What you will do - For the material that follows, work out how many lines hold the word "фото" and answer only with the number.

Available data -
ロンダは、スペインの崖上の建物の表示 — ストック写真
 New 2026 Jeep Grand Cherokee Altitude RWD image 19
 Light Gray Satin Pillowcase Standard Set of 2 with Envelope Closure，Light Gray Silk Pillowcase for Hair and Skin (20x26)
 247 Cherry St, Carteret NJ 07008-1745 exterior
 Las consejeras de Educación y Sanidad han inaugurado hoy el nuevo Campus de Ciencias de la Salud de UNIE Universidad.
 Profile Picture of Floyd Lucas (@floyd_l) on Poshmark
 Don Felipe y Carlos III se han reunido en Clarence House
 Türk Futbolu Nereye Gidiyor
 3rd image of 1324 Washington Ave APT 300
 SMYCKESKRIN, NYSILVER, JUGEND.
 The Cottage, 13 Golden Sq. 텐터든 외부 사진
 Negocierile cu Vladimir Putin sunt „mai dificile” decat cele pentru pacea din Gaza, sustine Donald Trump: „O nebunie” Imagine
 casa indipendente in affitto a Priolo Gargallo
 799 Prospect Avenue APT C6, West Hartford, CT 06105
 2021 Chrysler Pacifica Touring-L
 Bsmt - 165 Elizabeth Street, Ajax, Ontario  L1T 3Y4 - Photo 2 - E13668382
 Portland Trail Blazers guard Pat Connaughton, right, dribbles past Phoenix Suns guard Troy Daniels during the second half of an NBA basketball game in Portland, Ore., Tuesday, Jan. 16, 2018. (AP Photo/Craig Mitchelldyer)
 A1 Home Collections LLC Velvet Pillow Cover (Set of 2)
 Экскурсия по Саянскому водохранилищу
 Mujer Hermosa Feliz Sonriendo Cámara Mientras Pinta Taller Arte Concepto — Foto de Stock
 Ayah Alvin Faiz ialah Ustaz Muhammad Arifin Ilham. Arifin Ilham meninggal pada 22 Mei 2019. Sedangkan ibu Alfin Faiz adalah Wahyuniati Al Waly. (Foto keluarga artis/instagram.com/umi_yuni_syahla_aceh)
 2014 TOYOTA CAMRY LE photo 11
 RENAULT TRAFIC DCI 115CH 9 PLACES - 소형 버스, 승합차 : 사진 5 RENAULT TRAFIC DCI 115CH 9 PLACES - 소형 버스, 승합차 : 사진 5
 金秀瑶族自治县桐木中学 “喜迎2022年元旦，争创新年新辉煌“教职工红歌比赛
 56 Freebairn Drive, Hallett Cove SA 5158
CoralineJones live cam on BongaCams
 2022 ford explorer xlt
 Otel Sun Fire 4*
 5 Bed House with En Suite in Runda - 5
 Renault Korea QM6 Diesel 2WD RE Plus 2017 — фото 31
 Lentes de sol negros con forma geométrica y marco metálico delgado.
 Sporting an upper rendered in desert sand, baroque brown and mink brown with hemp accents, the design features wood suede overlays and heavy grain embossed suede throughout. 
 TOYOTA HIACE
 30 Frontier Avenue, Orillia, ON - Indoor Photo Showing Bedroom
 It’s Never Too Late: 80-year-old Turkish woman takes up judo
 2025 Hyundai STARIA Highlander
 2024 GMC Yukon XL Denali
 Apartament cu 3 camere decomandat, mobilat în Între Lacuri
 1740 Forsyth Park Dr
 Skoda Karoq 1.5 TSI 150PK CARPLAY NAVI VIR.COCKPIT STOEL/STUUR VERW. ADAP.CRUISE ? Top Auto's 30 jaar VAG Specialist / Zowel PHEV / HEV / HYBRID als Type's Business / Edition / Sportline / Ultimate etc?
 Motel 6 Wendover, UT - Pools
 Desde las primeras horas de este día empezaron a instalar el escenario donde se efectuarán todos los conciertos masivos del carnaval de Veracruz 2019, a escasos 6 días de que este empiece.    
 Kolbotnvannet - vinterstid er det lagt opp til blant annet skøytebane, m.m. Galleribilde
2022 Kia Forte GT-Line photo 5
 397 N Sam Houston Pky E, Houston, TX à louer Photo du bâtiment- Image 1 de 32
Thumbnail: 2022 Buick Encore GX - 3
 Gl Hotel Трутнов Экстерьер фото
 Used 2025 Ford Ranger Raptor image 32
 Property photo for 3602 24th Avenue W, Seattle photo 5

Exercise answer - 2